March 9, 2020
Corned beef has unfairly gotten a bad reputation. After years of being maligned thanks to its use as a tinned meat in depression and post-war era, some people associate corned beef with lacklustre flavour. Not so! Corned beef, the real kind that you find in the meat department, is tender, tasty, lightly spiced and full of delicious flavour.
What is corned beef, exactly? Corned beef brisket is a brine or salt water cured beef brisket. The brisket tends to be a tougher cut of beef to work with and it needs help to tender-up. It’s first cured in salt and spices, and then later, it’s slow-simmered in water to cook it and fully tenderize the meat. Corned beef brisket most often comes packaged with all the curing and brining done—all you need to do is slow simmer it in a water bath for a few hours to create an easy, nutritious meal.
The brine-curing process gives the beef a beautiful pink colour and adds flavour thanks to the salt and unique spice blend. When cooked, corned beef becomes almost flaky and fall-apart-tender.
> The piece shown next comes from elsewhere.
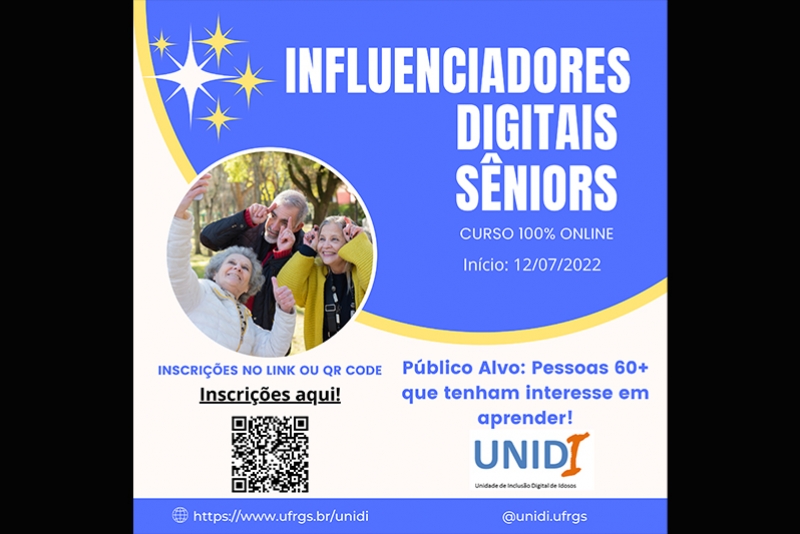 UNIDI - UNIDADE DE INCLUS&Atilde;O DIGITAL DE IDOSOS DA UFRGS, OFERECE O CURSO DE EXTENS&Atilde;O, INFLUENCIADORES DIGITAIS S&Ecirc;NIOR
If you enjoy meats like pastrami or Montreal smoked meat, you’ll love corned beef brisket, since they’re closely related.
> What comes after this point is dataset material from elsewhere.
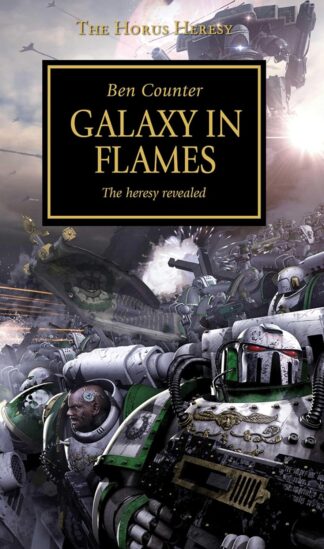 Galaxy in Flames (Book 3 of The Horus Heresy) - Ben Counter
Corned beef is great on its own with a side of potatoes and veggies, as in our Caramelized Onion Brisket with Mashed Potatoes and Glazed Carrots. Want a twist on taco night? Try using corned beef in place of your usual ground meat. These Slow Roasted Corned Beef Tacos with Chipotle Cole Slaw are a tasty twist on the everyday. Another great ground beef swap? Use corned beef in chili, like in this rich and meaty Corned Beef Chili with Biscuits and Honey Butter.
Caramelized Onions Brisket with Mashed Potatoes and Glazed Carrots
1 package Maple Leaf Corned Beef
2 tbsp oil
2 onions, sliced (julienned)
2 sprigs thyme
3 cloves garlic, minced
½ cup Lindeman Bin 45 Cabernet red wine
2 cups beef broth
2 tbsp cornstarch
2 tbsp water, cold
2 lbs russet potatoes, peeled and diced
½ lbs butter
¾ cup milk
1 package Co-op Steam & Eat Carrots
salt and pepper
In a large pot heat oil until hot. Sear beef on all sides until browned. Remove beef and add onions and thyme to pot. Cook onions on low until caramelized.
Add the garlic and cook about 1 minute. Deglaze with red wine and reduce by half.
Transfer the beef and onion mixture to an Instant Pot or Pressure Cooker, add the beef broth, and cook on high pressure for 50 minutes. Slowly release the steam from pot.